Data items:
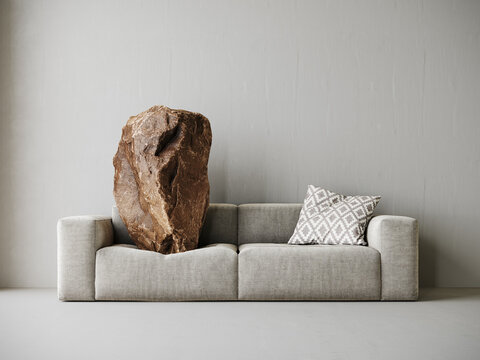 Huge rock slab on soft gray sofa. Comfortable furniture concept. Modern interior. 3D Rendering, 3D Illustration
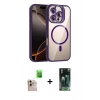 MARSİLYAN™- iPhone 16 Pro Max Kılıf Yadigar Asil Koleksiyonu - Siyah 360 Mat Full Body Arka Koruyucu + Raze Metal Kamera Lens - NLGY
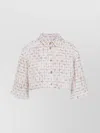 Giambattista Valli Knitted Grid-pattern Cropped Shirt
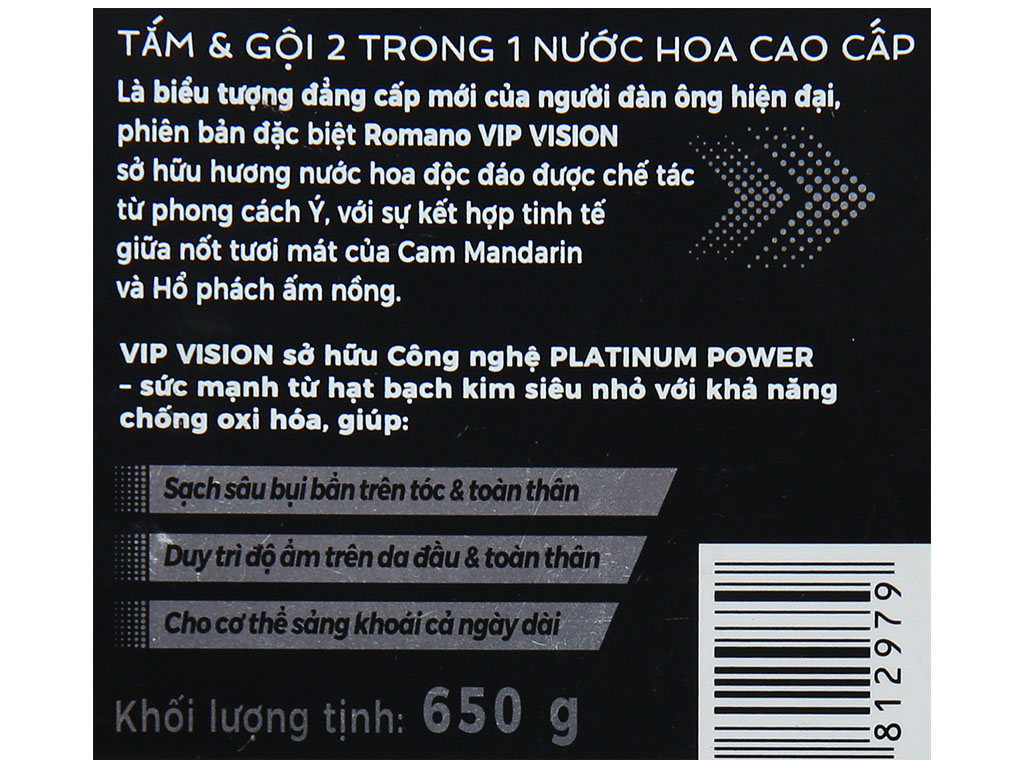 Tắm gội 2 in 1 Romano Vip Vision 650g tại Bách hóa XANH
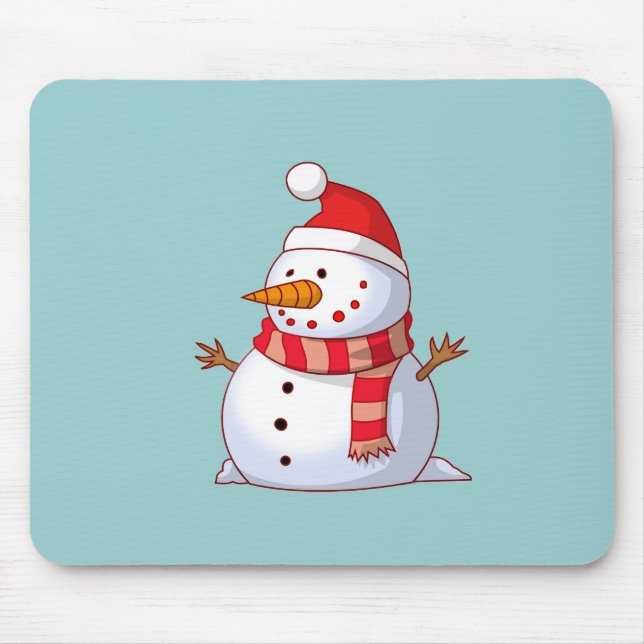 Cute Christmas Snowman Mouse Mat (Front)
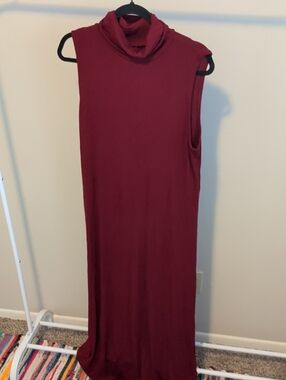 Universal Thread Sleeveless Turtleneck Maxi Dress in Burgundy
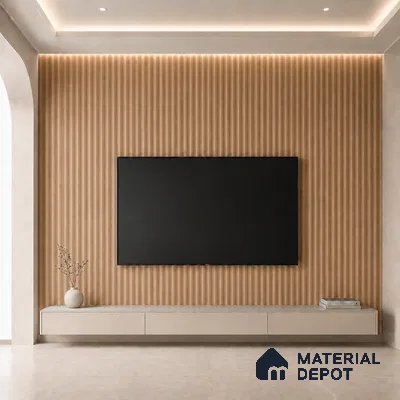 Beech Wood 10 ft x 0.45 ft (3060x140 mm) Pyramid Design Interior & Exterior Wall & Ceiling Panel - 14 mm | Suitable for Balcony, Facade & Open Area | Width is Subjected to 5% Variation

Your objective
Would you transcribe the lines above exactly, going from the line bearing "Tắm gội 2 in" through the line bearing "Universal Thread Sleeveless", and drop the pictures from the copy?

Answer area
 Tắm gội 2 in 1 Romano Vip Vision 650g tại Bách hóa XANH
 Cute Christmas Snowman Mouse Mat (Front)
 Universal Thread Sleeveless Turtleneck Maxi Dress in Burgundy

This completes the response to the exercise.